Reproduce the entries shown below only from the line with "焦糖色大衣搭配什么包包好看,奢品包包如何穿搭" down to the line with "7 Yewens Circuit, Grasmere NSW 2570", keeping both end lines and copying each one exactly.

= LISTED ENTRIES =
──────

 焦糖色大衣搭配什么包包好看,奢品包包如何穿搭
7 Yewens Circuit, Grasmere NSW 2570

──────

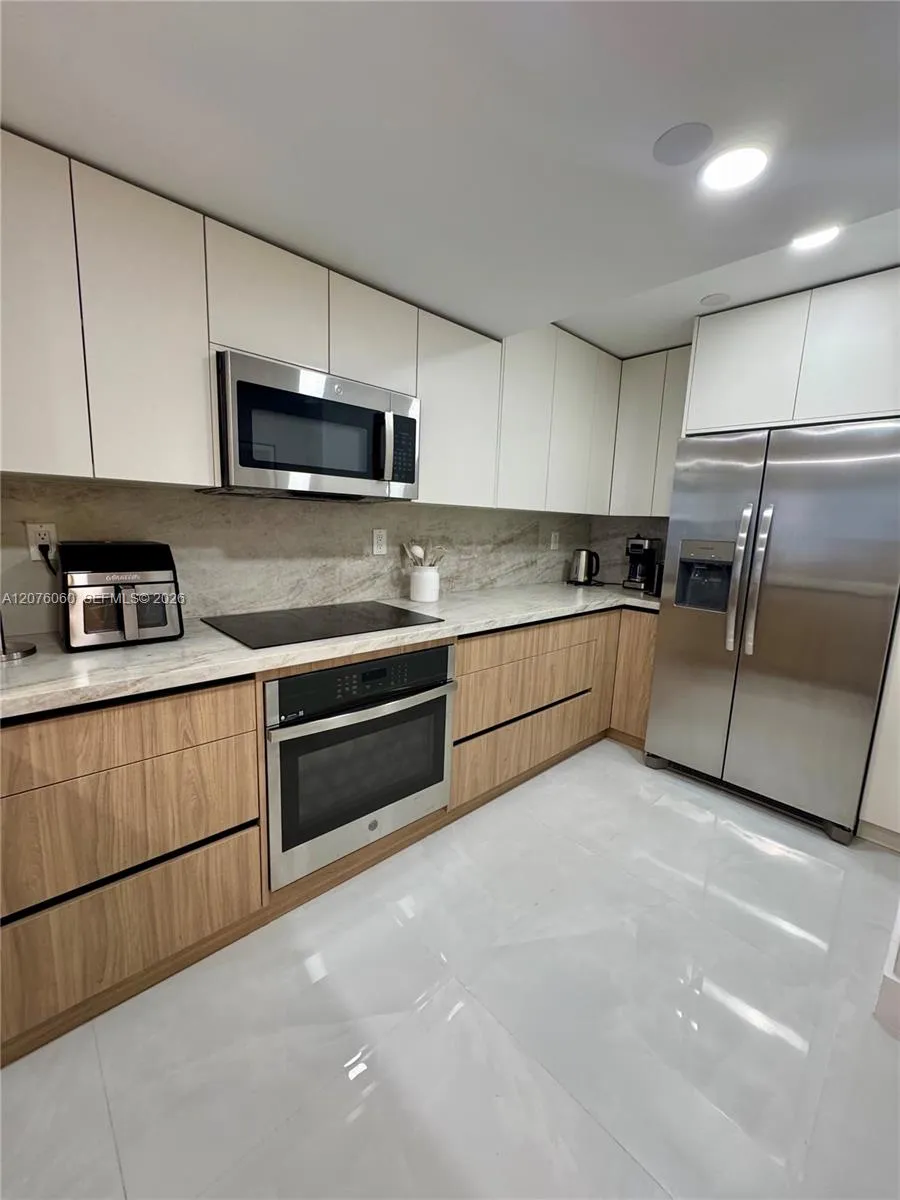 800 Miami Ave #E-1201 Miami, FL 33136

──────

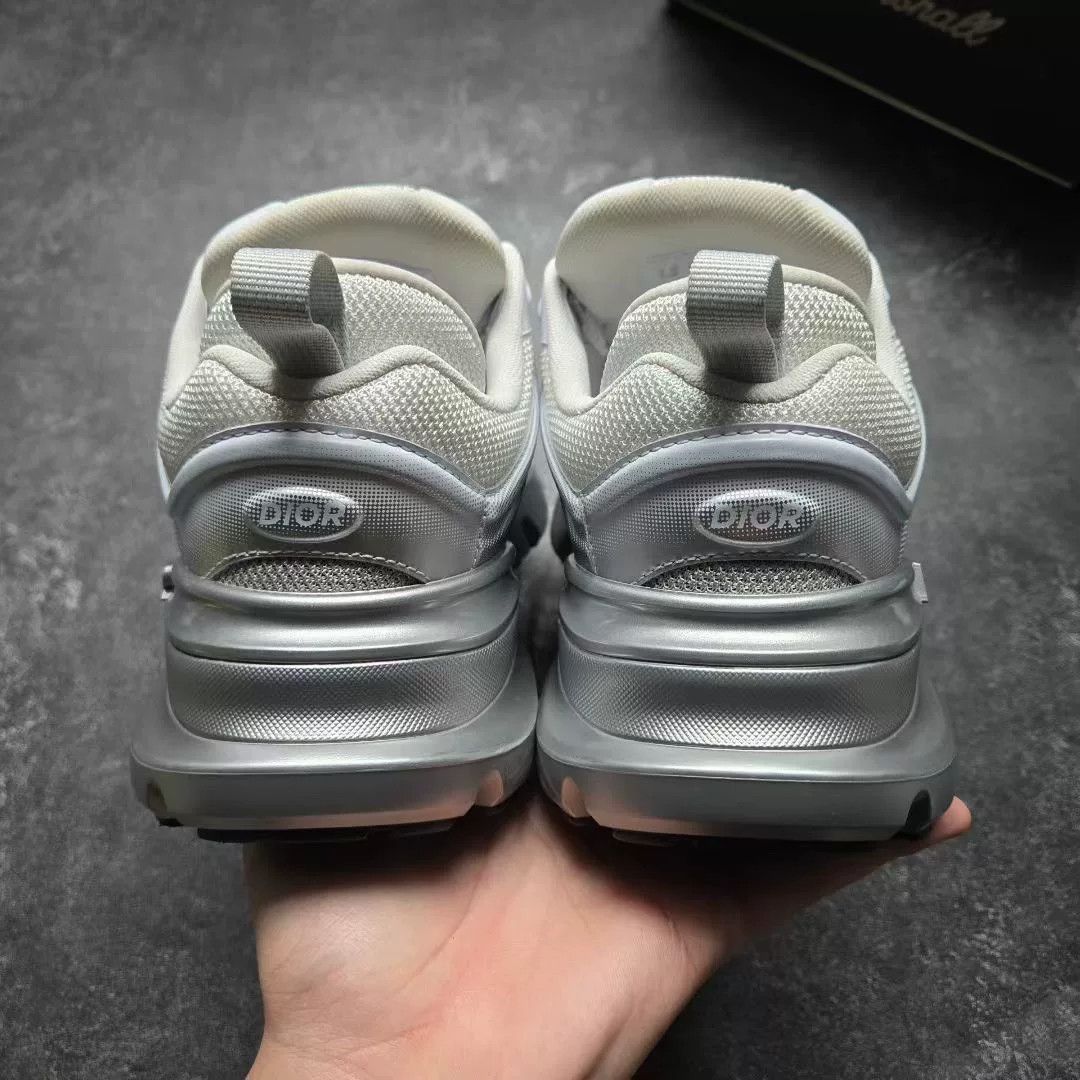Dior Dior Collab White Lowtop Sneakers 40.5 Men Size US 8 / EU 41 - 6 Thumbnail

──────

= ANSWER SPACE =
 焦糖色大衣搭配什么包包好看,奢品包包如何穿搭
7 Yewens Circuit, Grasmere NSW 2570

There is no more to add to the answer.